## Task goal
Since the pictures are not wanted, retype the listing below exactly and without them.

START Supplied data

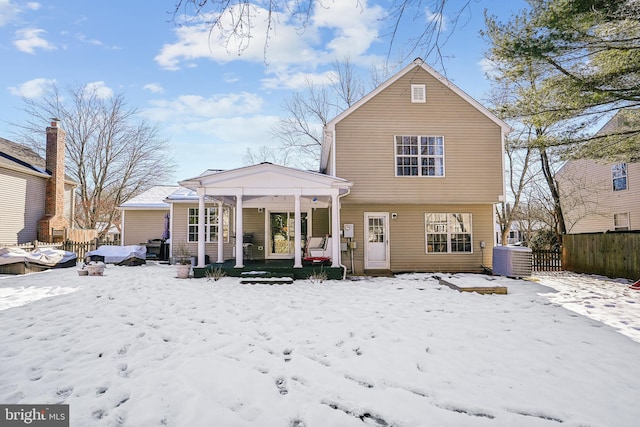 snow covered back of property with covered porch and central air condition unit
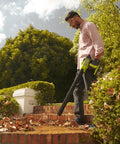 Person using 18V One Plus Brushless Compact Blower Bare Tool With Variable Speed Trigger And Lock On for yard cleanup on steps.
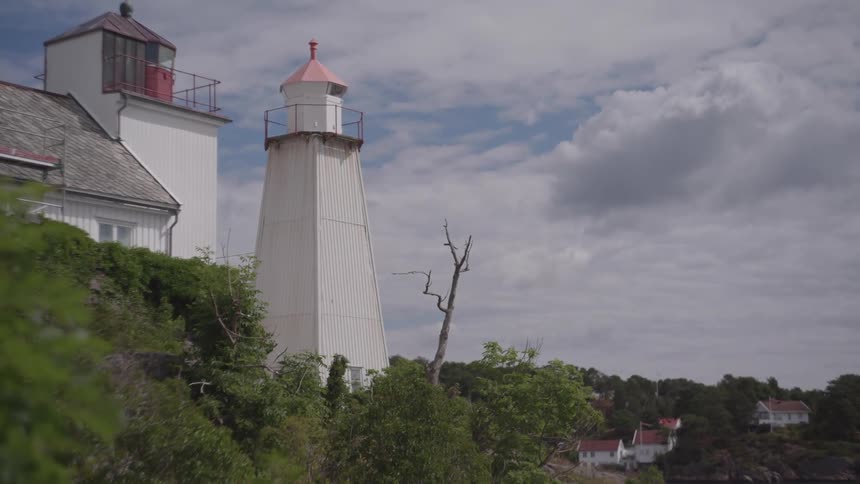 A lighthouse sits in the trees as the breeze blows through on sunny day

END Supplied data

## Result of the task
 snow covered back of property with covered porch and central air condition unit
 Person using 18V One Plus Brushless Compact Blower Bare Tool With Variable Speed Trigger And Lock On for yard cleanup on steps.
 A lighthouse sits in the trees as the breeze blows through on sunny day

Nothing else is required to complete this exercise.